Here is the best workflow for existing translations.

1. Build Ardour  using './waf' command (this step is actually optional).

2a. If there is no existing translation for your language, run './waf i18n_pot'

which will generate a POT (.pot) file for each of the directories shown

above. For each directory you plan to translate, rename the POT file to end in 

.po and then continue with step 3.

2b. If there is an existing translation for your language, run './waf

i18n_po' which will bring it up to date (along with all other PO files)

3. Open the relevant PO file in you PO editor of choice (see below).

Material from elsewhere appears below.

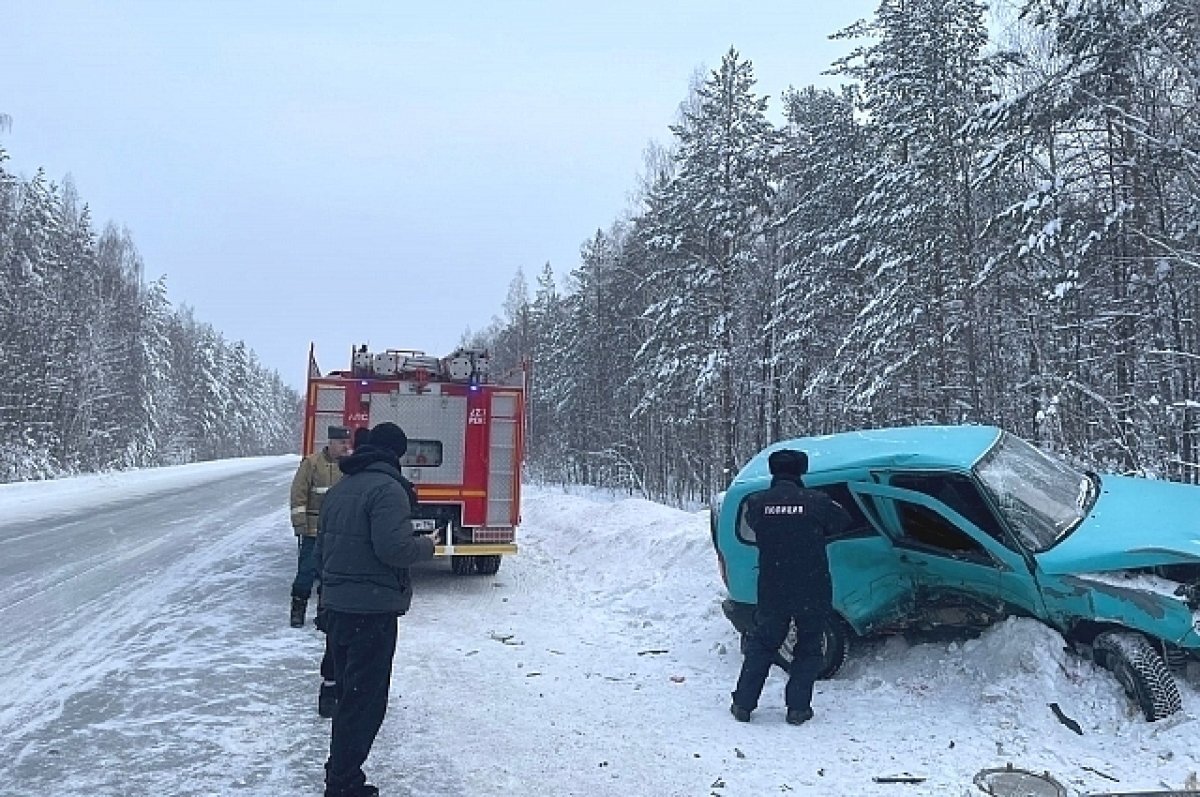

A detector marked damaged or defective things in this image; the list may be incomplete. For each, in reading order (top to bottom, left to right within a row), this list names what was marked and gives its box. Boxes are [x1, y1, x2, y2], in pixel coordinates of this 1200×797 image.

crumpled car hood [1036, 475, 1200, 576]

4. Open Ardour, find something untranslated, locate this phrase in PO file, 

translate.

5. Repeat previous step several times, save the PO file.

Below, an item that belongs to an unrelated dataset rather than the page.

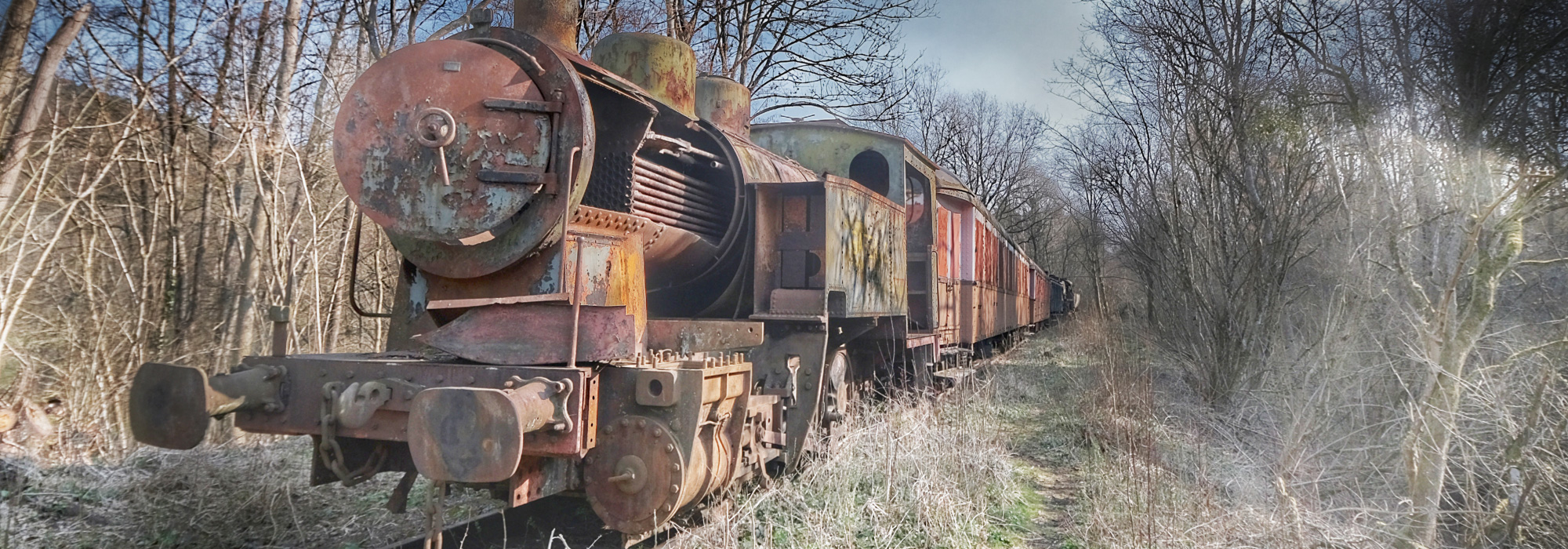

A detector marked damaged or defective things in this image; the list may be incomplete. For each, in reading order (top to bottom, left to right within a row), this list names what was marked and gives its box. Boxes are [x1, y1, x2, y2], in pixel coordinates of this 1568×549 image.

rusted steam locomotive [125, 0, 1079, 540]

6. Run './waf i18n_mo' to regenerate binary MO files and 'sudo ./waf install' 

to install them.

7. Restart Ardour to see what your translation looks like and whether it needs 

fixes, e.g. has to be shorter.

Note that as of Ardour 4 the translations are only installed when you run 

'./waf i18n' after './waf' and before 'sudo ./waf install'.

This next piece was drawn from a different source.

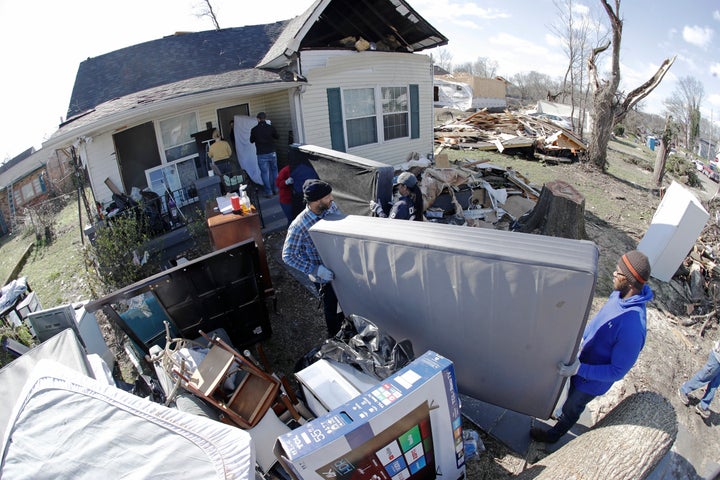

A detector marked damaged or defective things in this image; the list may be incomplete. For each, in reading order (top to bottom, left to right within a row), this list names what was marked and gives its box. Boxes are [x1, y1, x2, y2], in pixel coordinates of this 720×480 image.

damaged house [39, 0, 448, 212]
torn roof [258, 0, 450, 68]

When you are done translating, it's best to get credited for your contribution. 

Here is how you can do it:

1. Run 'git commit -a' (assuming you only modified translation files) and 

describe the changes you made. Typically the commit message looks like 

'Update German translation'. That should be sufficient.

2. Run 'git format-patch origin/master' (assuming you worked on a clone of the 

master branch. That should generate a file called something like 

'0001-Update-German-translation.patch'.

3. Run 'bzip2 0001-Update-German-translation.patch' to compress the file.

4. File a new bug report at http://tracker.ardour.org and attach the resulted 

compressed file and tell either rgareus (Robin Gareus) or las (Paul Davis) on 

the project's IRC channel (#ardour at irc.freenode.net) about your patch.

There are some more things you need to know.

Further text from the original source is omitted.